Using the data below, return word for word every line from the one holding "2018 Nissan Frontier SV V6" down to the one holding "Hot Water Well Drilling Rig For Sale". Leave pictures out.

Exercise inputs:
##########

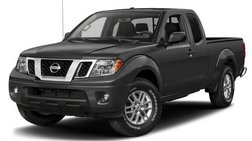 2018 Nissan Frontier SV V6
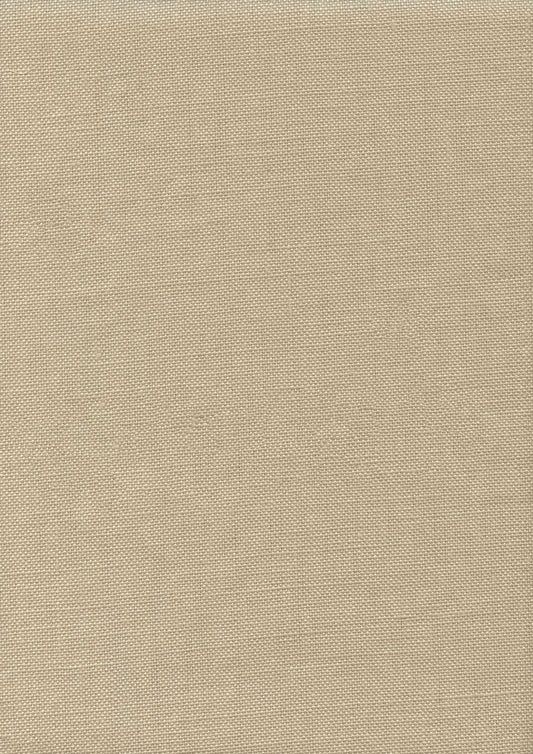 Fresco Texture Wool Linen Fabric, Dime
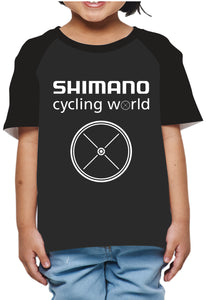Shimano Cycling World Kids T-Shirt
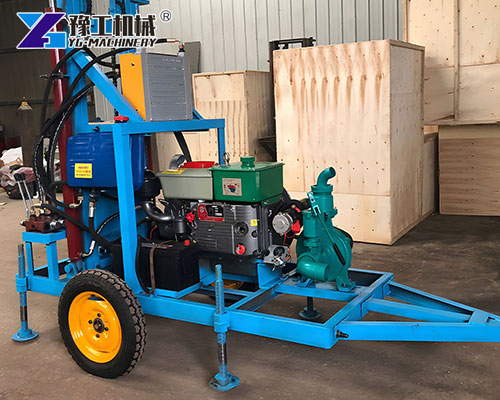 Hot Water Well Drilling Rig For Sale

##########

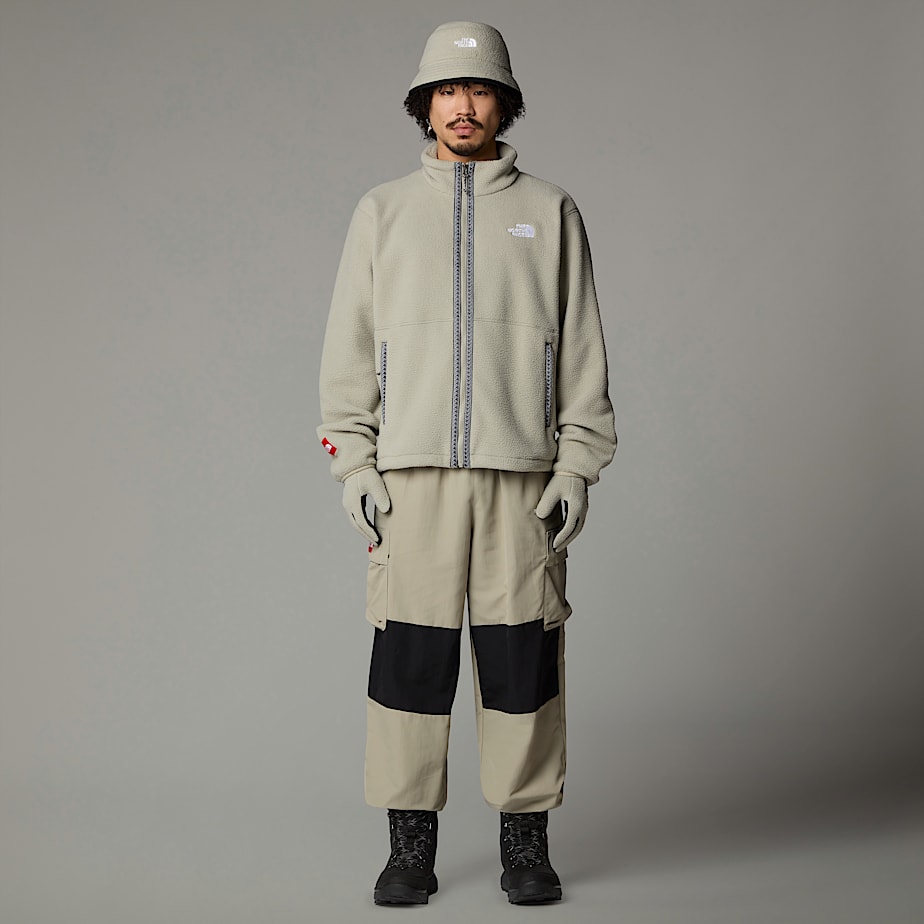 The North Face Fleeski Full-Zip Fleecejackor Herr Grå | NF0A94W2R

##########

Worked solution:
 2018 Nissan Frontier SV V6
 Fresco Texture Wool Linen Fabric, Dime
Shimano Cycling World Kids T-Shirt
 Hot Water Well Drilling Rig For Sale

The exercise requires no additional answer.